Incredibly, the Abbate memo adds this claim:
Compulsory arbitration has allowed the people of New York to enjoy uninterrupted service in the MTA and NYCTA area since 1989.
In fact, as most adult New Yorkers (including Abbate’s constituents) will recall, the 33,700 members of Local 100 of the Transit Works Union (TWU) walked off their jobs at 3 a.m. on Dec. 20, 2005—inconveniencing millions of commuters and causing an estimated $1 billion in economic losses before service was fully restored on the morning of Dec. 23.
To cap off the justification, the bill memo states:
All evaluations of the effects of this [arbitration] law have been positive and have advocated the continuation of this process.
“Evaluations” by whom? The memo doesn’t say.
In fact, a strong case can be made that binding arbitration merely is a way for public agencies to duck accountability and shift the blame for unaffordable and even budget-busting results. That’s what happened in late 2008, when, at the direction of then-Governor David Paterson, the transit authority joined the TWU in seeking arbitration of the next contract they attempted to negotiate after the pact that ended the strike three years earlier.
The result, as described here:
Almost unbelievably–in the midst of the New York’s worst economic downturn since the Great Depression, not to mention the MTA’s own severe fiscal crisis–transit workers belonging to Local 100 of the Transport Workers Union will receive an 11.3 percent pay increase over the next three years, under an award from a three-member state labor arbitration panel. The arbitration panel also agreed to cap worker contributions to employee health insurance–rolling back part of a key union concession after the TWU’s illegal 2005 strike.
The arbitration award was blasted as “unprecedented” by the one dissenting voice on the three-member arbitration panel, Dall Forsythe, a New York University professor who had served as Governor Mario Cuomo’s budget director.
The Abbate memo concludes by describing his bill’s fiscal implications as “none,” which is not unusual: at this point, there is a virtual legislative tradition of denying that potentially far-reaching labor laws will have any impact on budgets, despite ample evidence to the contrary.
In reality, laws like Abbate’s transit arbitration proposal can have significant and far-reaching fiscal implications: for example, by opting for arbitration, the Paterson administration effectively caved to a bigger pay raise than the MTA could afford and failed to seek much-needed changes to work rules that continue to drive up transit costs.
Unfortunately, the inaccurate Abbate bill memo is all too typical of what’s been coming out of the Legislature for years. As chairman of the Assembly Committee on Governmental Employees, Abbate has a notable track-record of simply introducing whatever he’s handed by unions.

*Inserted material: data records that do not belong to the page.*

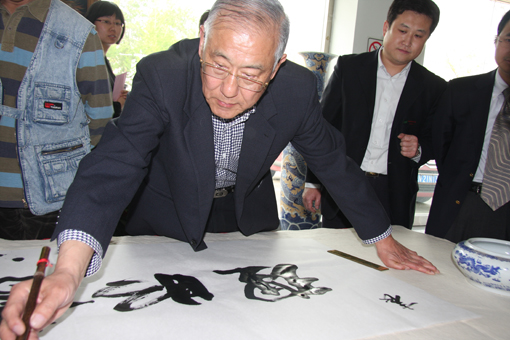 中國(guó)國(guó)際友人研究會(huì)書(shū)畫(huà)院今日成立
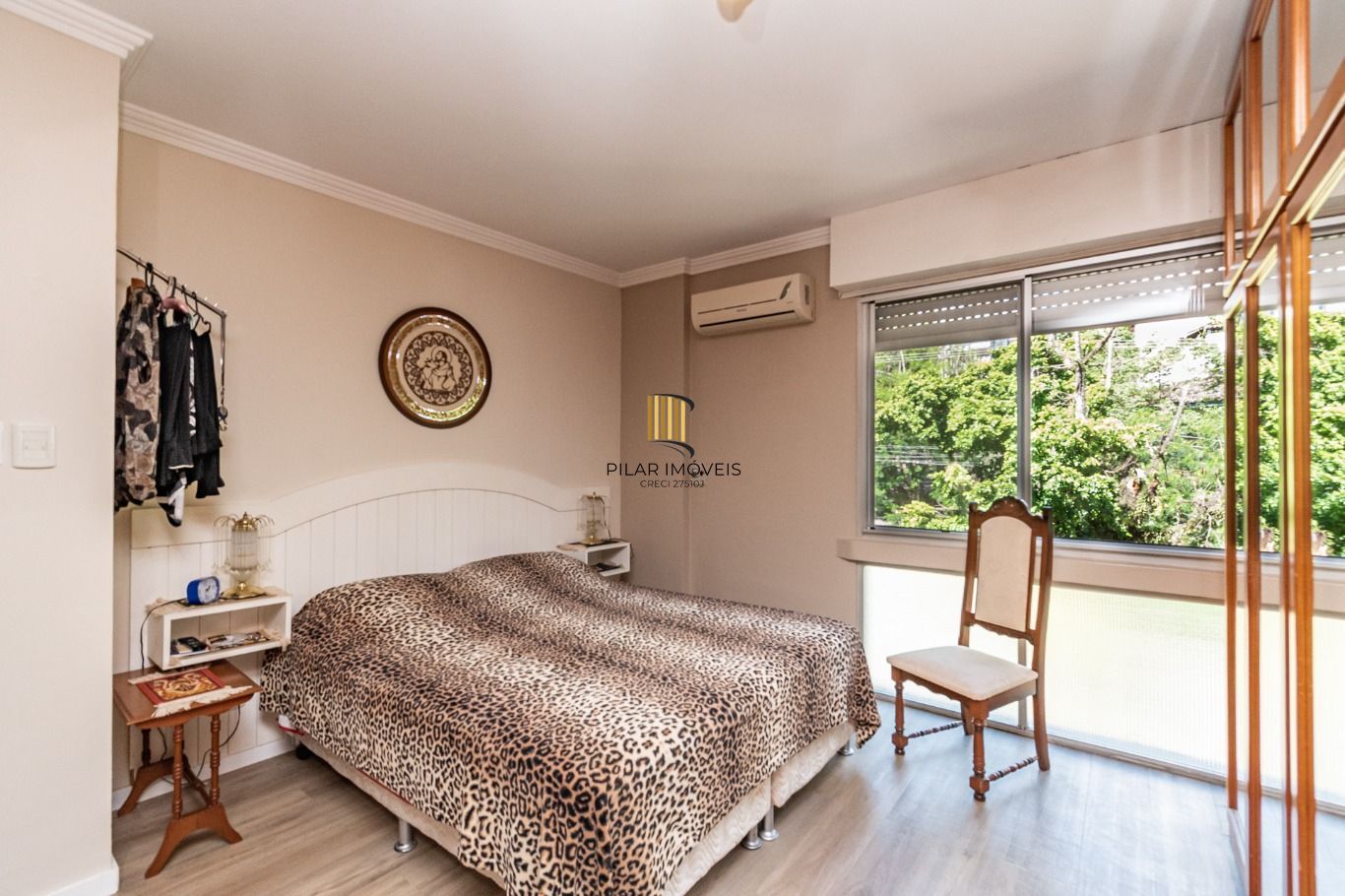 Vende-se apartamento com 3 quartos (1 suíte), 133 m² e 1 vaga – Petrópolis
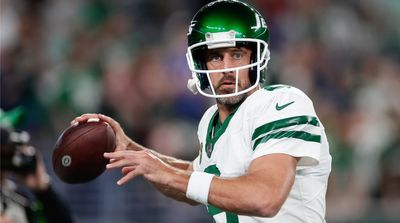 Jets’ Aaron Rodgers Leaves With Injury Early in First Quarter vs Bills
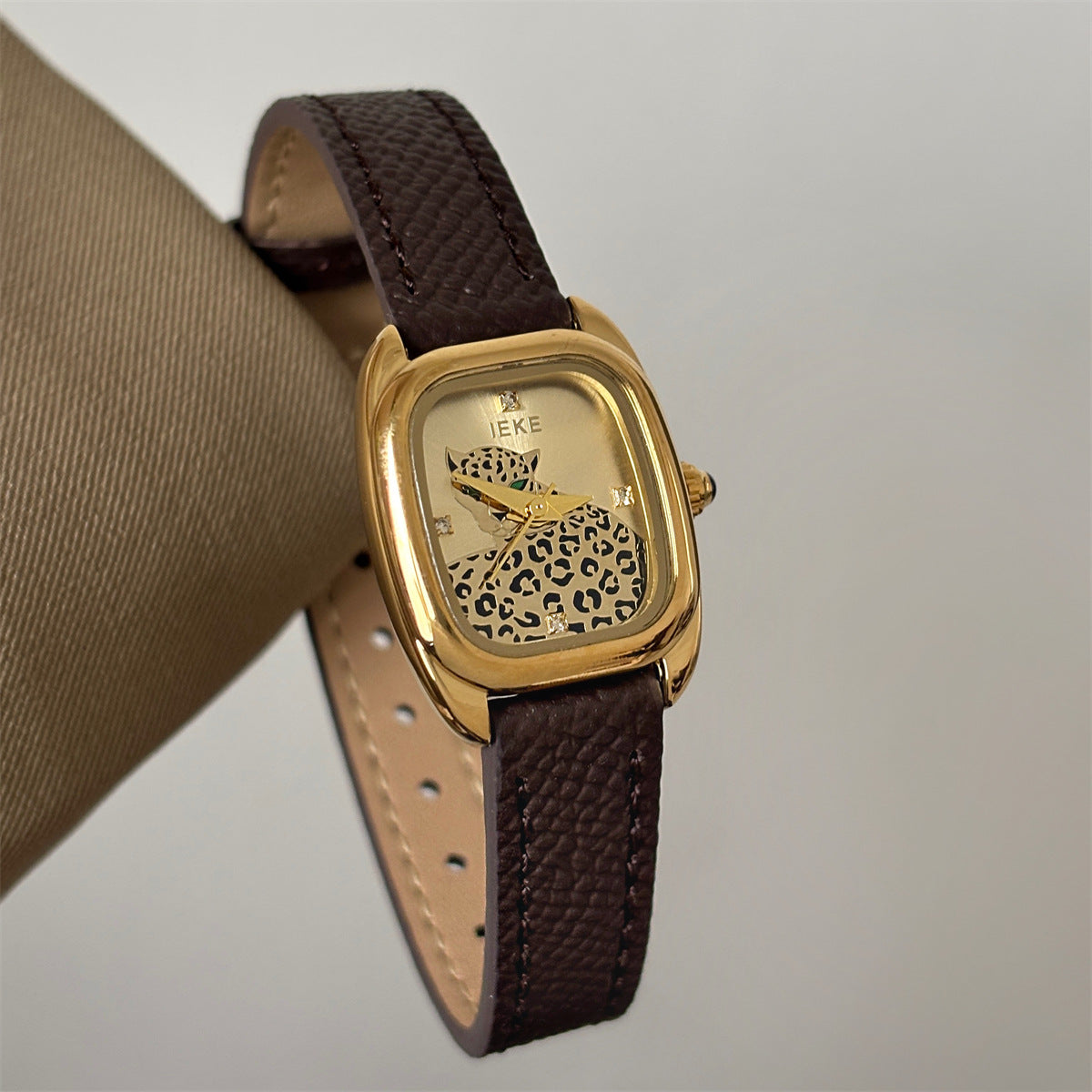 Leopard Quartz Leather Watch - DippedShop Wholesale - #5715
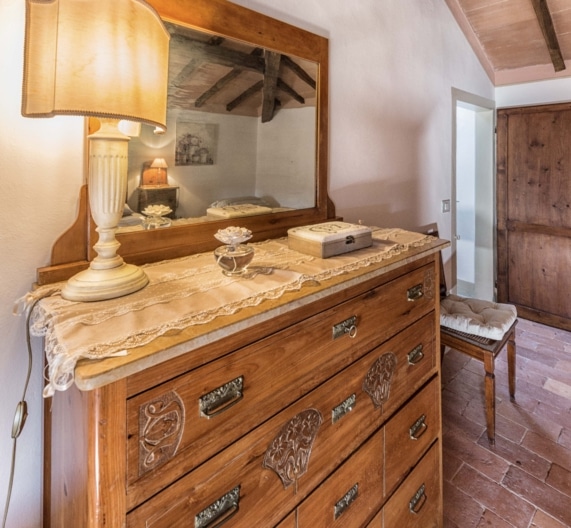 bedroom2-details-second-floor-holiday-house-usigliano-lari-tuscany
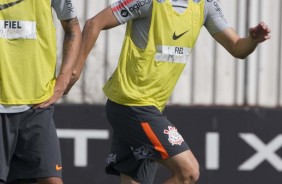 Zagueiro Henrique durante o treino deste sbado no CT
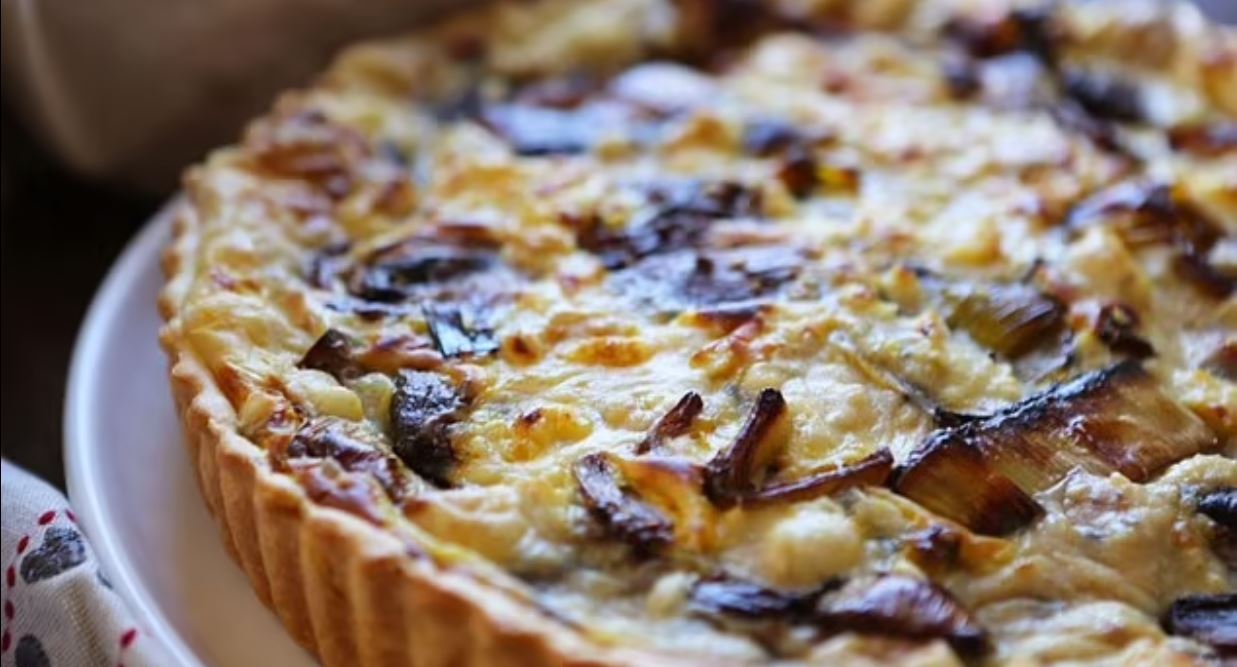 Чарльз ІІІ визначився з меню на коронації. Ми теж так можемо (ВІДЕО)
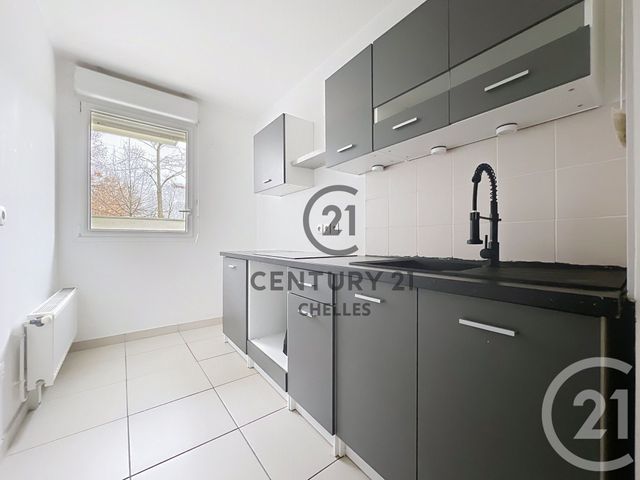 Appartement F2 à vendre - 2 pièces - 46.2 m2 - CHELLES - 77 - ILE-DE-FRANCE - Century 21 Agence H.L.
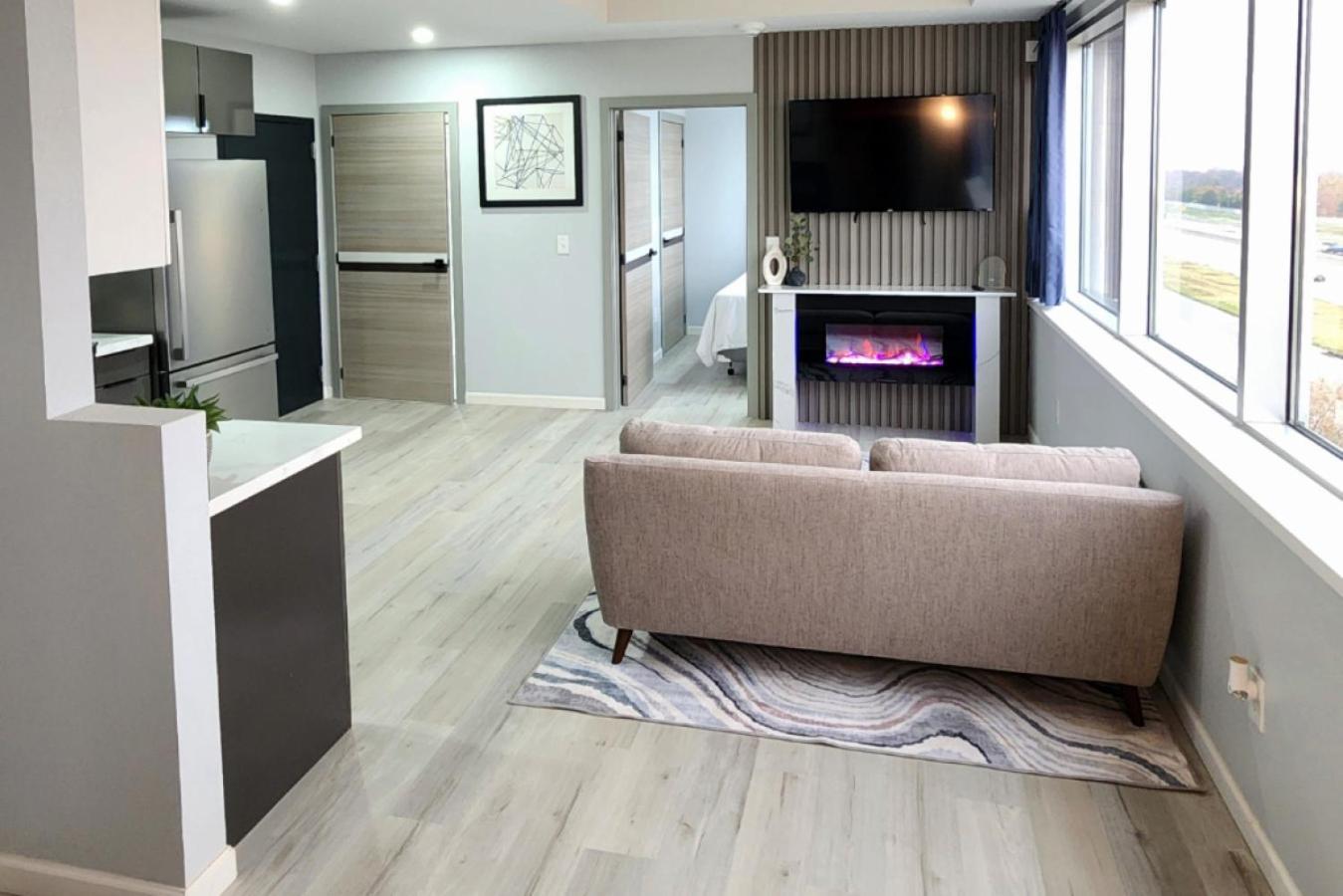 Reese Tower Aparthotel Tulsa Ngoại thất bức ảnh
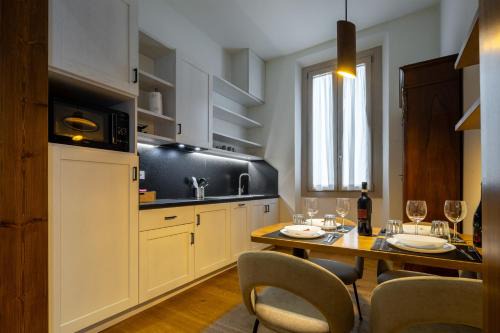 Ars Nova Apartments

All the same, it would be nice if, among many other needed rule-changes, New York lawmakers insisted on being presented with fair and accurate explanations and analyses of the potential consequences of proposed bills.
Abbate’s bill was on today’s Assembly debate list—so by the time you read this, it may already have passed, probably without debate. Meanwhile, the bill has a Senate companion, backed by an identically worded memo. The sponsor, Sen. Richard Funke, is from Rochester, so he at least has an excuse for not remembering the transit strike. (The Senate bill had advanced from committee to the floor calendar.)